Freie Demokraten fordern bessere Bahn-Infrastruktur

Nach Sperrung der Rheintalbahn:
Freie Demokraten fordern bessere Bahn-Infrastruktur

Bundestagskandidat Christian Jung in Graben-Neudorf.

Regionalverbandsmitglied und FDP-Bundestagskandidat Dr. Christian Jung (Karlsruhe-Land) fordert entlang der Rheinschiene und in der Region Karlsruhe eine bessere Bahn-Infrastruktur. (Foto: zg)

Karlsruhe/Graben-Neudorf. Nach der Sperrung der Rheintalbahn zwischen Karlsruhe und Offenburg fordert Regionalverbandsmitglied und FDP-Bundestagskandidat Dr. Christian Jung (Karlsruhe-Land) eine Ausweichstrecke für die Rheintalbahn und eine Optimierung der Bestandsstrecken in der Region Karlsruhe. „In den vergangenen Jahren habe ich immer angemahnt, dass wir für die Rheintalbahn dringend eine Ausweichstrecke benötigen, da wir es hier auch mit einer internationalen Fernverkehrs- und Güterzugstrecke zu tun haben“, sagte Jung am Montag (14.8.2017) in Graben-Neudorf.

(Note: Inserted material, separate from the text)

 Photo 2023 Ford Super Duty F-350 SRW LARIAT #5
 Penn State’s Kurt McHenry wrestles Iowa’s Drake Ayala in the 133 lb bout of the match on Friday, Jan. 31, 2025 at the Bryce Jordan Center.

Dafür biete sich die alte und nach dem Zweiten Weltkrieg zurückgebaute Strecke zwischen Wörth, der Region um Hagenau und Straßburg an, die mit einem deutsch-französischen Staatsvertrag zweigleisig reaktiviert und elektrifiziert werden könnte. „Wichtige Bahnstrecken brauchen immer auch Umleitungsstrecken. Ich sage dies seit mehreren Jahren, da im Rheintal vor allem der Güterzugverkehr massiv ansteigen wird und vor knapp 30 Jahren wichtige Bahn-Infrastruktur-Entscheidungen nicht getroffen wurden. Dies rächt sich jetzt, zumal auch rund um Karlsruhe Umfahrungskurven und zwischen Basel und Karlsruhe bis zu zwei Eisenbahnbrücken über den Rhein fehlen“, sagte Jung. Dringend benötige man zudem ein Konzept, wie die Bahn-Bestandsstrecken in der Region Karlsruhe optimiert werden könnten, um den zusätzlichen Zugverkehr in den kommenden Jahren bewältigen zu können. Hier müssten alle politisch Verantwortlichen aktiver werden, da Streckensperrungen für Pendler, Reisende und die Güterzug-Logistik eine „absolute, aber vermeidbare Katastrophe“ darstellten.